I tried again next year and made it all the way. By the end, I’d fallen in love with sledding and with the north.
You’ve been travelling with your wife, Alexandra, since 1999 and even spent two months alone hiking the High Arctic in 1999 as your sixth date. What’s it like being able to share the experiences with your soulmate?
At the beginning, friends and relatives figured that she’d travel with me once or twice, during our courtship phase, then wise up. But she’s continued to join me on the summer journeys, because she gets something out of them for herself. She enjoys the intense immersion, the concentration, the isolation and especially the experiences with wildlife. She’s even fearless at chasing off polar bears.e
She’s my favourite partner not just because we’re married, but because she’s so good out there. She enjoys herself and does what it takes: she prefers to take her time, but if we have to paddle 60km in a day to get around a long stretch of cliffs, she does. Like any good traveller, she never complains.
An Inuit friend tells me that that’s one of the lessons that elders teach the young: never say a negative word when you’re out on the land.

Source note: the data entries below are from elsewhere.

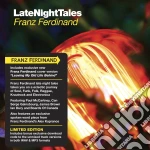 Franz Ferdinand - Late Night Tales cd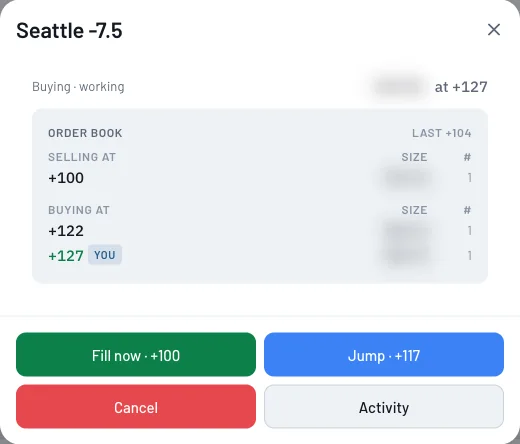 Fill now, jump the line, or cancel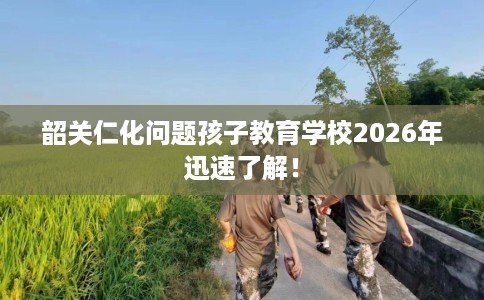 韶关仁化问题孩子教育学校2026年迅速了解! 韶关仁化问题孩子教育学校2026年迅速了解!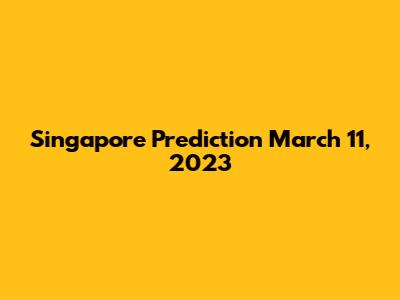 Singapore Prediction March 11, 2023
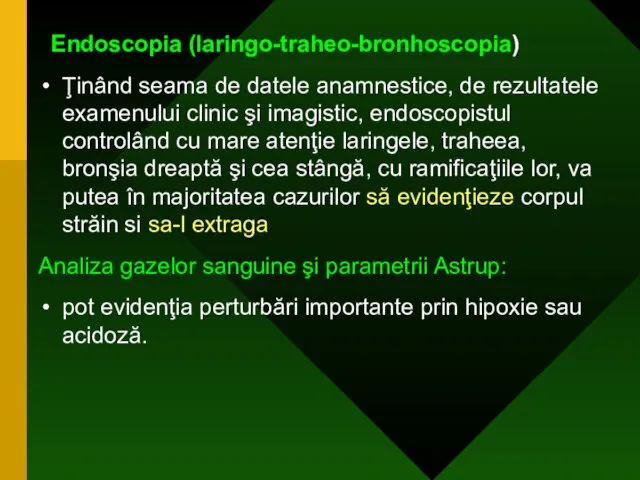 Endoscopia (laringo-traheo-bronhoscopia) Ţinând seama de datele anamnestice, de rezultatele examenului
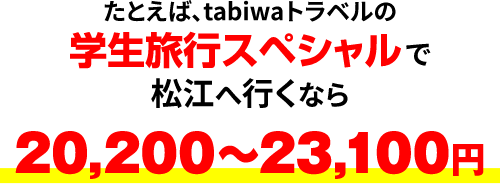 たとえば、tabiwaトラベルの学生旅行スペシャルで松江へ行くなら20,200～23,100円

You have written two Arctic adventure books – Arctic Eden and The Horizontal Everest. What can readers expect from the books and have you always had a passion for writing?
The passion for writing preceded the passion for travel and for the Arctic. I studied science at university but never wanted to pursue it. I wanted to write, and after graduation, that’s what I started to do.
My big break came after that first expedition in Labrador, when I wrote an article about it for an outdoor magazine. The editor liked it so much that she offered me a job as a staff writer. Things took off from there. My books tell stories about my travels, but also about other people’s Arctic adventures, both modern and historic. The books are about the place rather than the author and his derring-do. I may travel hard, but the tone is more curiosity than hairy-chested endurance of suffer-fests. Often I try to use my experience to reinterpret explorers’ travels. Because I’ve both done my homework and have a unique boots-on-the-ground experience, historians often consult me for their own Arctic work.
You are a professional photographer which must fit perfectly with your adventures and hikes. What’s it like being able to capture the magnificent backdrops and scenery you see and has there ever been a setting too beautiful to take a photo of?
Photography is easier and less frustrating than writing. Also, it forces you to be out there. Writers can lock themselves away in a cork-lined room, but you can’t take landscape photos that way.
Adventure photography appeals to the extroverted side of one’s nature; writing, to the introverted. There are lots of great scenes that just don’t lend themselves to a 24x36mm rectangle, or to any format. The Arctic, in particular, is often dominated by long horizontals and short verticals. These thin strips don’t look great as photos.
What advice would you give to someone wishing to explore the eastern Arctic?
The biggest hurdle for me has always been the cost of Arctic travel. I travel a lot and don’t fundraise – the fundraisers tend to spend years planning one big trip – so I have to do things on the cheap. The Arctic was never an easy destination, but transportation has become a lot more expensive in recent years.
The High Arctic – the lovely Ellesmere Island area that I’ve written about in those books – is almost unreachable now except for those with deep pockets. I have projects I’ve wanted to do up there for years, but I can’t, because expeditions that used to cost $2,000 or $3,000 would now require $30,000 – most of it for the charter aircraft.
So in recent years, I’ve re-focussed on Labrador, which is difficult but still affordable.
What’s your most recent expedition?
I’ve kayaked the entire Labrador coast from north to south and also manhauled the interior in winter from tip to tail except for a 400km section in southern Labrador.
In February, a friend and I completed that missing section in 34 hard days.